I guess you can do something as follows:

import dgl
import dgl.function as fn
import torch
# Create a graph for demo
graph = dgl.graph((torch.tensor([0, 1, 2]), torch.tensor([1, 2, 0])))
h = torch.randn(graph.num_nodes(), 4)

# h is of shape (|V|, P), V is the node set and P is the feature size
# mu is of shape (K, P), K is the number of kernels
# sigma is of shape (1, K)
graph.ndata['h'] = h
graph.apply_edges(fn.v_sub_u('h', 'h', 'diff'))
K = 2
mu = torch.randn(K, h.shape[1])
sigma = torch.randn(1, K)
# difference with broadcasting
diff = graph.edata['diff'] - mu.unsqueeze(1) # (K, |E|, P)
diff = torch.norm(diff, p=2, dim=2)          # (K, |E|)
logit = - sigma.transpose(1, 0) * diff       # (K, |E|)
out = logit.exp()                            # (K, |E|)

kristianeschenburg · December 8, 2020, 6:28am

Hi

Thank you!

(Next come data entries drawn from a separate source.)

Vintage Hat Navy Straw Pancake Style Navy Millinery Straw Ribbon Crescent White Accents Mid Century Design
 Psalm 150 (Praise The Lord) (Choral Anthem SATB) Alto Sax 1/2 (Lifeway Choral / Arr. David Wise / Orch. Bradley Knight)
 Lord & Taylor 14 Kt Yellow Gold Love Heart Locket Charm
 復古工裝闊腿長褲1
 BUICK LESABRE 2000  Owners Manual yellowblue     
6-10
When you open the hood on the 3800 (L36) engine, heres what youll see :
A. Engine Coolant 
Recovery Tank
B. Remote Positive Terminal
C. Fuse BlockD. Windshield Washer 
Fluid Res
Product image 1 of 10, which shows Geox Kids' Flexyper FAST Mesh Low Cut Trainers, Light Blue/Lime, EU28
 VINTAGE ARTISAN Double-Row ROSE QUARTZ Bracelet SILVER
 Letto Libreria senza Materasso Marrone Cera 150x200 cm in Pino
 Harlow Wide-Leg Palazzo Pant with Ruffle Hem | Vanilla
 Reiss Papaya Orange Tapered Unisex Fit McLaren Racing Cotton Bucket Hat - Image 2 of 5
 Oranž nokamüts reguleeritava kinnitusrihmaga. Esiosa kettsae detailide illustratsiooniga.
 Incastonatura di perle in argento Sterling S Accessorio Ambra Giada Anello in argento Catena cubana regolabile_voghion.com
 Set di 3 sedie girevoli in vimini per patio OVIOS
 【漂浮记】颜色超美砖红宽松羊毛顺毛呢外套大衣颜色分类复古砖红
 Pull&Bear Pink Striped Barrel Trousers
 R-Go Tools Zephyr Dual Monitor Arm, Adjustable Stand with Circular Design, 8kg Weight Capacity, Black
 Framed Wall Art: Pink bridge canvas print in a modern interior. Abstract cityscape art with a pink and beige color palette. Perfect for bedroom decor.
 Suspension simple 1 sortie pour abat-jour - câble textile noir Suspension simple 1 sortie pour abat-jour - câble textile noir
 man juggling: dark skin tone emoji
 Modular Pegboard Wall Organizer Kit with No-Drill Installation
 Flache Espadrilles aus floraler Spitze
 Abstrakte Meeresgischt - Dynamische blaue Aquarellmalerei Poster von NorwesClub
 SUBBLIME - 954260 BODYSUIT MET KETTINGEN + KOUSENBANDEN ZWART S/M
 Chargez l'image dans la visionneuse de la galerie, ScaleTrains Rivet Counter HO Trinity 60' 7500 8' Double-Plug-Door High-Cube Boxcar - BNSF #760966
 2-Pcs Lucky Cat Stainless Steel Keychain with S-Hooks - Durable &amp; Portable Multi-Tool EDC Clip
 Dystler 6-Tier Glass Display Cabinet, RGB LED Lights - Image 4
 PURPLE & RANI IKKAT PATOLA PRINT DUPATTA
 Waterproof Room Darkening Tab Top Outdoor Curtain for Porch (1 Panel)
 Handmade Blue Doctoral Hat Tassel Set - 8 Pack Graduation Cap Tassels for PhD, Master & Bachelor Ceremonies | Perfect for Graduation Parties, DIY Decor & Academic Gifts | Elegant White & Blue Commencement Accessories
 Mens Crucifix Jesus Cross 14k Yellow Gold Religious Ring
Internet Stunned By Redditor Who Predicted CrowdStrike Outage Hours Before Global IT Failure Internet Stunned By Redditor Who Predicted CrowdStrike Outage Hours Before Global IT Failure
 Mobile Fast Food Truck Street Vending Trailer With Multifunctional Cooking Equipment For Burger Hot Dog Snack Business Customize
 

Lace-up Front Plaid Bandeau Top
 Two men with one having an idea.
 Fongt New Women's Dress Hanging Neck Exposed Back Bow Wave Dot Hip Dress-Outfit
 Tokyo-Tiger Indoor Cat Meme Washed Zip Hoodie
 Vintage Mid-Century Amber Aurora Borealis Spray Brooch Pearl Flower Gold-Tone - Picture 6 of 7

I ended up doing something similar. Likewise, I want to learn the mu and sigma parameters, such that we update these parameters through backprop. Does the following seem correct?

self.mu = nn.Parameter(
            th.Tensor(1, num_kernels, out_feats), requires_grad=True)
self.sigma = nn.Parameter(
            th.Tensor(num_kernels, 1), requires_grad=True)

nn.init.uniform_(self.sigma, a=0.0, b=1.0, )
nn.init.xavier_uniform_(self.mu)

mufeili · December 8, 2020, 6:30am

Yes, they look good to me.

system · January 7, 2021, 6:30am

This topic was automatically closed 30 days after the last reply. New replies are no longer allowed.